3 hots +1 neutral = 4


----------



## Bird dog (Oct 27, 2015)

Tonedeaf said:


> 3 hots +1 neutral = 4


 Do you have a drawing of that with voltages?
High Leg Delta












Open Delta














Corner Grounded Delta


----------



## CoolWill (Jan 5, 2019)

Tonedeaf said:


> 3 hots +1 neutral = 4


Right, but look at what grounding one of the phases would do, especially if the grounded phase was on the center-tapped transformer. That's a downright wacky setup, and probably a code violation that I'm too lazy to look up.


----------



## varmit (Apr 19, 2009)

To the OP: You have a corner grounded system or a system with a ground fault on one phase. On an ungrounded system, if there is a ground fault on any ONE phase, nothing will happen and everything will continue running as normal. If there is a ground fault on a second phase fuses blow/breakers trip.There is no neutral on a system like this.

In the old days, it was common to have two services, one an open delta or corner grounded delta of 240 or 480 volts, and a second 120/240 single phase service for lighting and general use outlets. Few utilities today will supply two services to a building unless it is huge. Now days, you install a customer owned transformer powered from a single service to provide different electrical characteristics.

I will repost my old post below.

There seems to be more confusion about corner grounded systems and high leg systems than any other subject on this forum. Neither are complicated, but high leg systems require a little more thought when connecting loads. Especially 120 volt loads on a 240/120 high leg service. 

A corner grounded delta system is very common in older industrial facilities.

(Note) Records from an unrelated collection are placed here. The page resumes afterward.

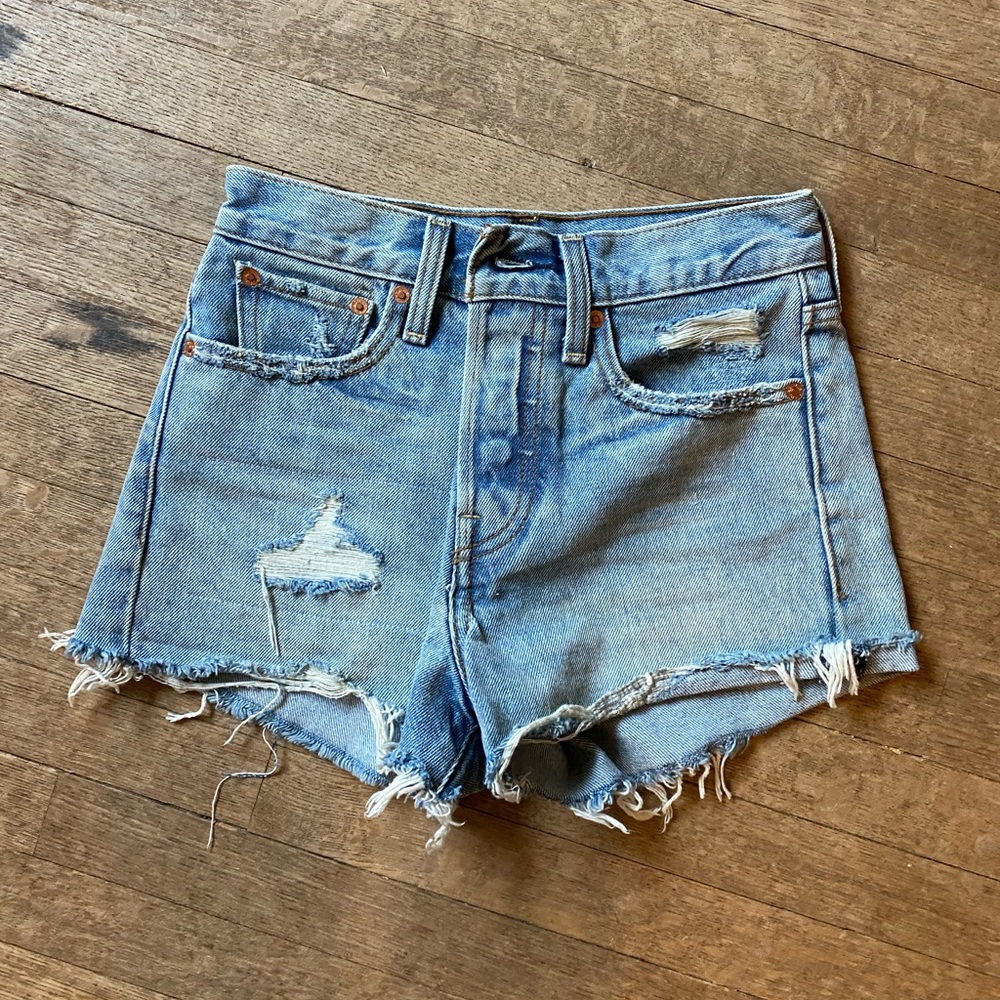 Levi’s High Rise Cut Off Shortz
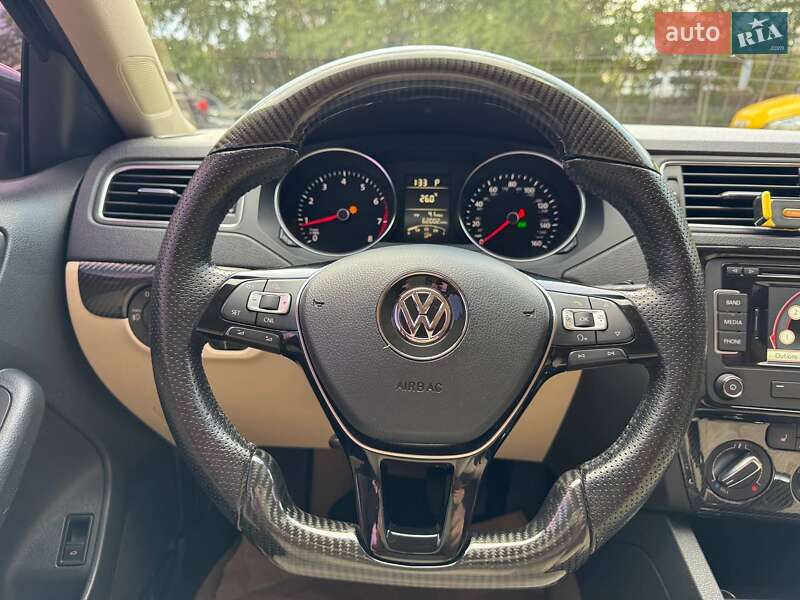 Седан Volkswagen Jetta 2015 в Днепре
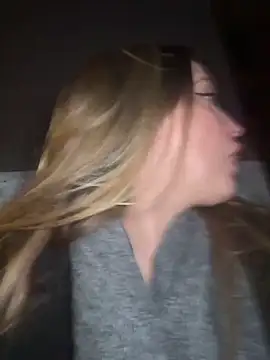 Snapshot of LiliMorganxxx chatting on 11.12.25 LiliMorganxxx online show from 11.12.25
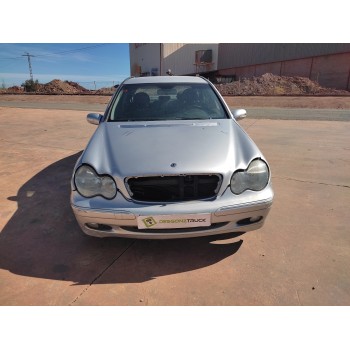 mercedes-benz clase c (w203) berlina del año 2001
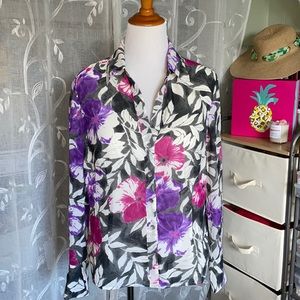 Beautiful Floral Jones of New York XL Long Sleeved Button Down Top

These were usually equipment power only, with either another service, or on site transformer(s) for general 120 volt lighting and outlets. 

WHEN WORKING AT A LOCATION, ALWAYS CHECK/TEST TO SEE WHAT TYPE SYSTEM YOU ARE DEALING WITH. Wear your PPE when doing this.

Note: Names will vary regionally. Voltages listed are nominal rating. This is a basic description of what you should find.

Delta, open or ungrounded 230 (or 460) volt
A to B 230 (460)
B to C 230 (460)
A to C 230 (460) 
Any phase to ground will read random values. Usually different on each phase.

Corner grounded Delta (One phase conductor is connected to the grounding electrode system. Normally the grounded conductor is A or B phase- but you never know until you test.
A to B 230 (460)
B to C 230 (460)
A to C 230 (460) 
A to ground 230 (460)
B to ground 0 (0) grounded phase conductor in this example
C to ground 230 (460)

High leg system ( Usually 240/120, but I have seen other voltages on rare occasions.) The B phase position is normally the high leg- but always verify. This system has a "neutral" (grounded conductor) for use on 120 volt loads connected to THE NON HIGH LEG PHASES.
A to B 240 
B to C 240 
A to C 240 
A to ground 120
B to ground 208 (high leg phase conductor in this example)
C to ground 120 

Resistance grounded ( A large resistor is connected to the supply transformer center tap and connected to the grounding electrode system. This helps to limit fault current to an acceptable level on larger services.Usually 460 volt or higher.)
A to B 460
B to C 460
A to C 460
All phases to ground will read a random value that will be about the same on all three phases.


----------



## varmit (Apr 19, 2009)

Cow said:


> The old building per your description has 240v 3 phase, either a corner or ungrounded system.
> 
> 
> 
> ...


Thank you for the compliment.


----------



## varmit (Apr 19, 2009)

Probably, your best plan would be to install a 480/277 service at the new location. Feed from this service to one (or more if needed) 480 to 230 volt transformer(s) and panel(s) for the old equipment. For 120 volt loads, install a 480 to 120/208 transformer and panel. Both of the transformers are very common.

If these machines are very old, the motors may not work well on 208.


----------